Segment Start: RECORDS FOR THE EXERCISE

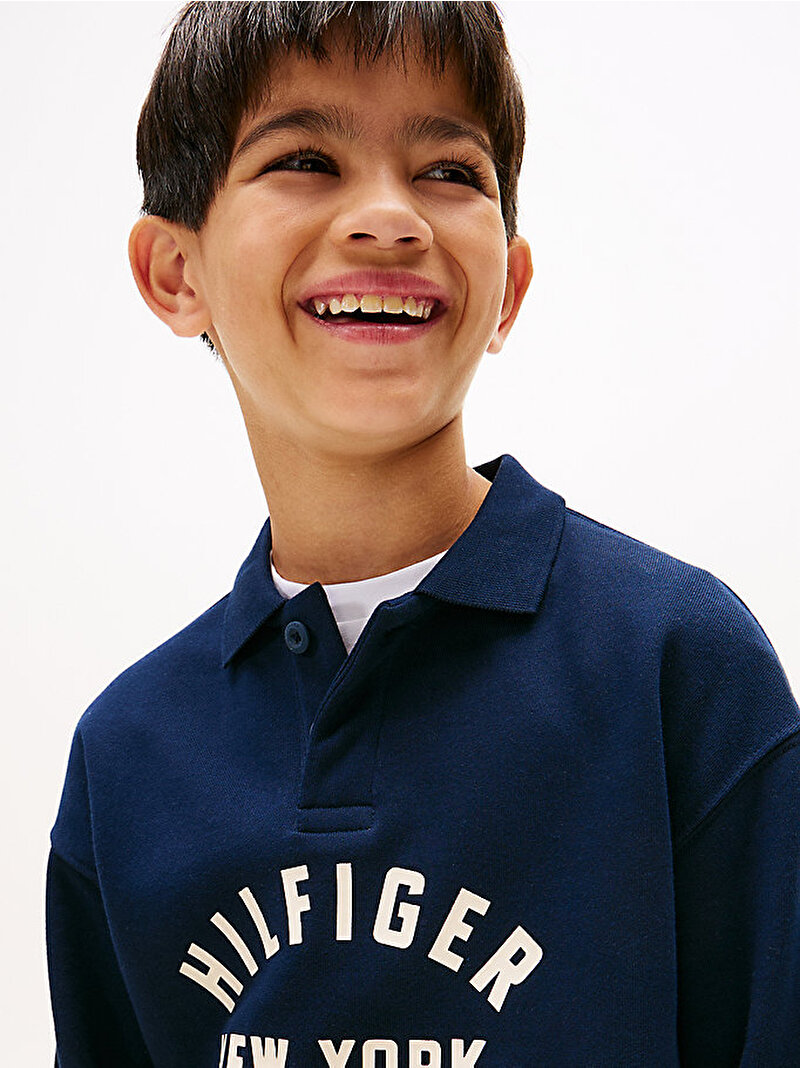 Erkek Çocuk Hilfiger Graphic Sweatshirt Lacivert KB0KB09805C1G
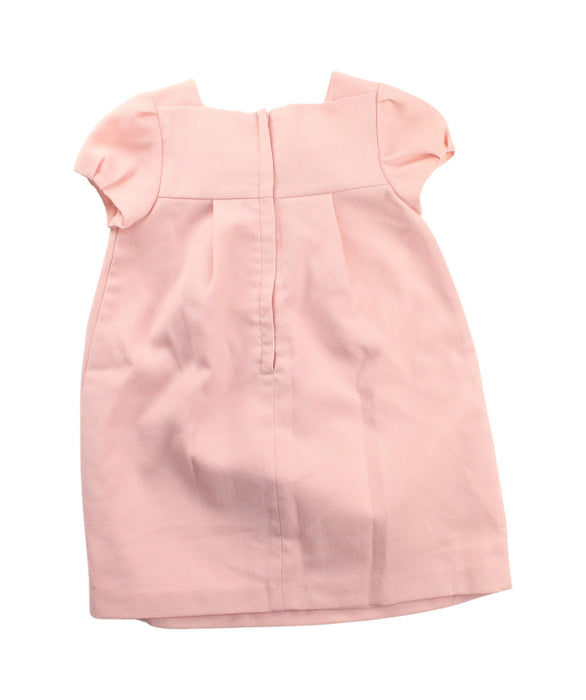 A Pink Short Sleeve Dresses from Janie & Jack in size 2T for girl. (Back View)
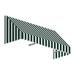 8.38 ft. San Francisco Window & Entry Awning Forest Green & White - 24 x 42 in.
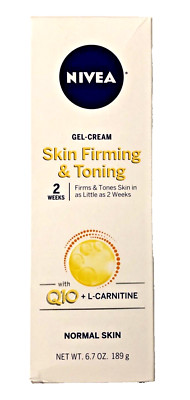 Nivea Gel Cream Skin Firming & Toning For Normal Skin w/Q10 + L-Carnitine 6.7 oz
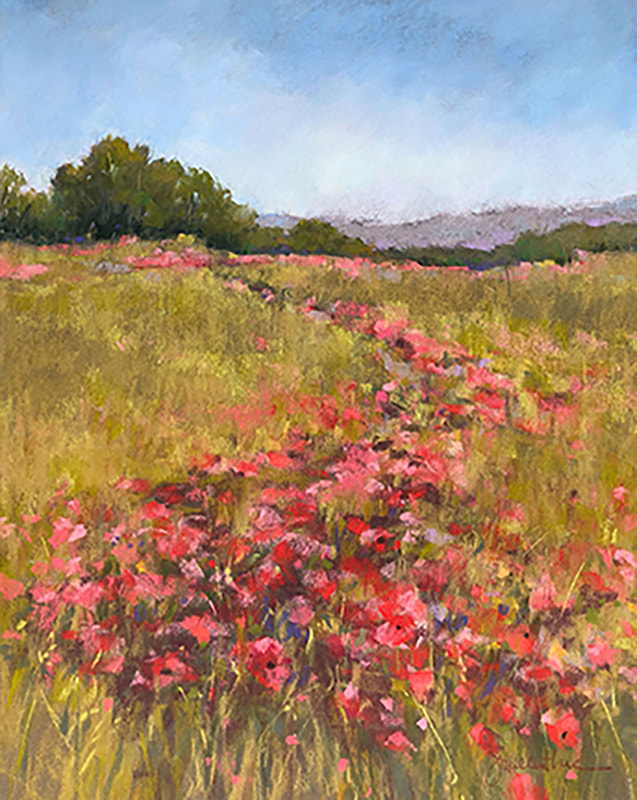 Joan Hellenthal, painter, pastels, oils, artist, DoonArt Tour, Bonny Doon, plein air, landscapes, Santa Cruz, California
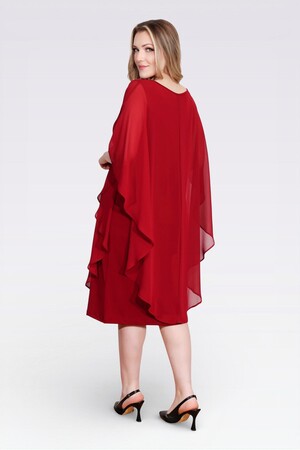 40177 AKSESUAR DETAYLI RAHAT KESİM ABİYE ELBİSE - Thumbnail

Segment End: RECORDS FOR THE EXERCISE

#### PROBLEM TO WORK ON:
Your reply should consist of the data, transcribed exactly, and should hold no pictures.

#### TASK OUTPUT:
 Erkek Çocuk Hilfiger Graphic Sweatshirt Lacivert KB0KB09805C1G
 A Pink Short Sleeve Dresses from Janie & Jack in size 2T for girl. (Back View)
 8.38 ft. San Francisco Window & Entry Awning Forest Green & White - 24 x 42 in.
 Nivea Gel Cream Skin Firming & Toning For Normal Skin w/Q10 + L-Carnitine 6.7 oz
 Joan Hellenthal, painter, pastels, oils, artist, DoonArt Tour, Bonny Doon, plein air, landscapes, Santa Cruz, California
 40177 AKSESUAR DETAYLI RAHAT KESİM ABİYE ELBİSE - Thumbnail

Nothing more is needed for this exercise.